The doctrine of induced infringement, codified in 35 U.S.C. §271(b), seeks to “protect patent rights from subversion by those who, without directly infringing the patents themselves, engage in acts designed to facilitate infringement by others.”2 The reach of the doctrine of induced infringement, however, has historically been tempered by considerations of potential abuse and discouragement of lawful commerce.3 Indeed, the Supreme Court has noted, with reference to the related doctrine of contributory infringement, that the judicial history of indirect infringement “may be said to be marked by a period of ascendancy, in which the doctrine was expanded to the point where it became subject to abuse, followed by a somewhat longer period of decline….”4 Induced infringement jurisprudence can thus be considered a manifestation of dynamic countervailing considerations which has reached disequilibrium—heralding disagreement, dissenting opinions, and uncertainty.

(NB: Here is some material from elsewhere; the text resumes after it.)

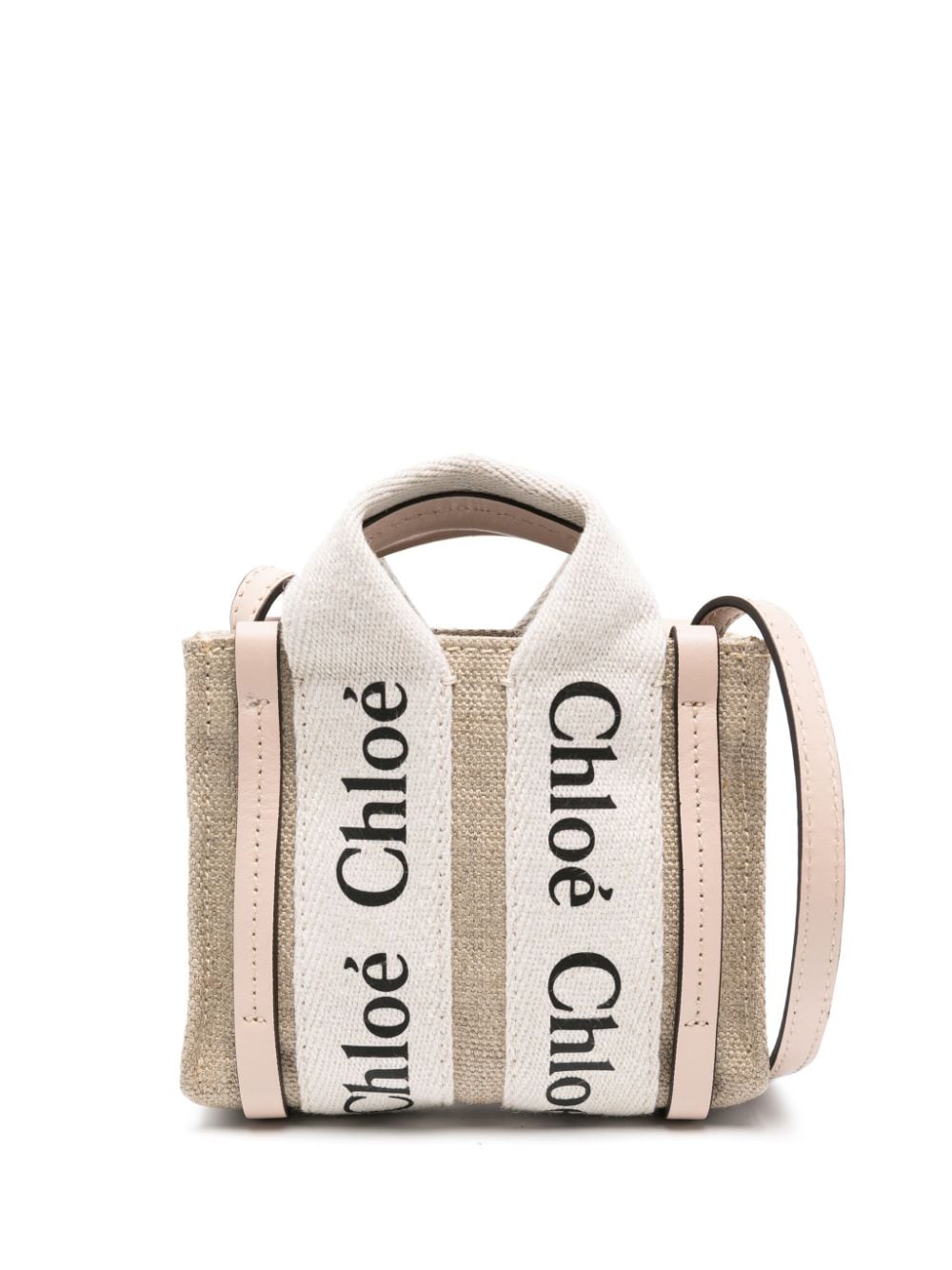 WOODY CANVAS AND LEATHER NANO BAG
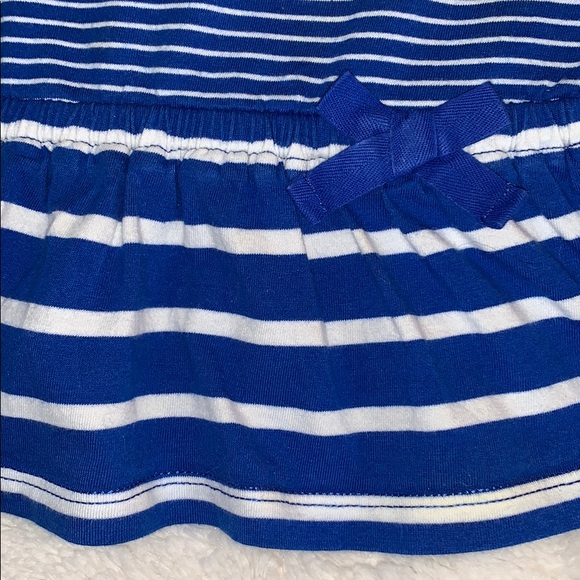 Baby Gap Blue stripe Dress 3-6 mos tank sundress - Picture 3 of 8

The current mechanism, established to both deter abuse of the patent system and to promote legitimate competition, is embodied in the requirement that an alleged inducer possess specific intent to induce such infringement.5 In 2008, the Federal Circuit’s decision in Broadcom v. Qualcomm espoused a low threshold for proving inducement, allowing plaintiffs to use failure to obtain a non-infringement opinion of counsel as evidence of specific intent. But since Broadcom, the specific intent requirement has steadily become more exacting.
‘Broadcom v. Qualcomm’
In Broadcom v. Qualcomm, the Federal Circuit held that failure to obtain a non-infringement opinion of counsel may be considered as a factor in determining whether a party had the requisite level of intent to induce infringement.6Broadcom is a favorable holding for patentees and champions of protecting patent rights from subversion. The Federal Circuit’s opinion is founded upon the notion that inducement liability requires culpable conduct, i.e., that the induced infringer “knew or should have known that his actions would induce actual infringements.”7 In holding that circumstantial evidence, including failure to obtain a non-infringement opinion of counsel, may reflect on the alleged inducer’s intent, the court noted that “[i]t would be manifestly unfair to allow opinion-of-counsel evidence to serve an exculpatory function…and yet not permit patentees to identify failures to procure such advice as circumstantial evidence of intent to infringe.”8
‘Global-Tech v. SEB’
In Global-Tech v. SEB, the Supreme Court tightened the reins on the induced infringement standard, holding that negligence or recklessness as to whether the induced acts constitute infringement is insufficient.9 The Supreme Court did acknowledge, however, that the doctrine of willful blindness may apply.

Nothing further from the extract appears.